*** Begin section ***
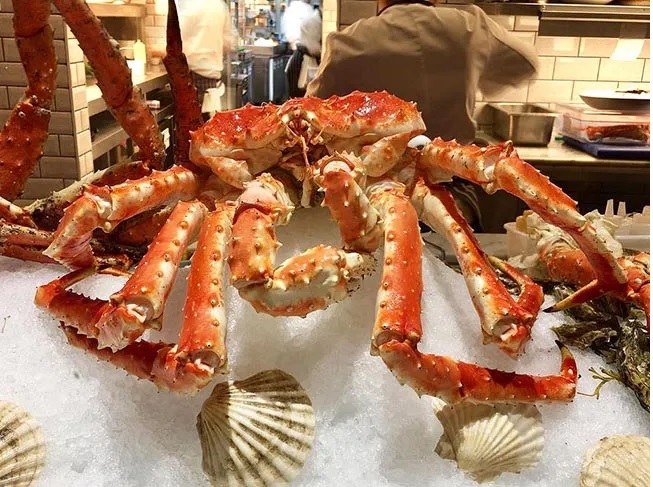 Na Uy Xuất khẩu cua huỳnh đế năm 2023 lập kỷ lục mới 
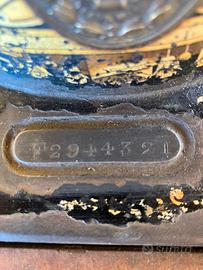 MACCHINA DA CUCIRE SINGER ANNO 1912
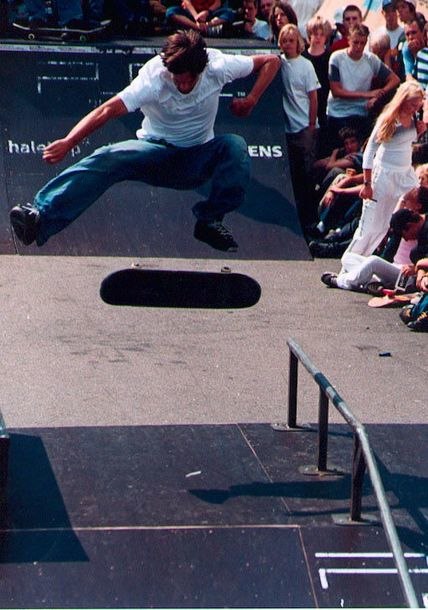 Photo: Daniel Wenblad. Rider: okänd.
*** End section ***
* PROMPT *
Where the material contains pictures, leave them out and copy the rest verbatim.

* SOLVED PROBLEM *
 Na Uy Xuất khẩu cua huỳnh đế năm 2023 lập kỷ lục mới 
 MACCHINA DA CUCIRE SINGER ANNO 1912
 Photo: Daniel Wenblad. Rider: okänd.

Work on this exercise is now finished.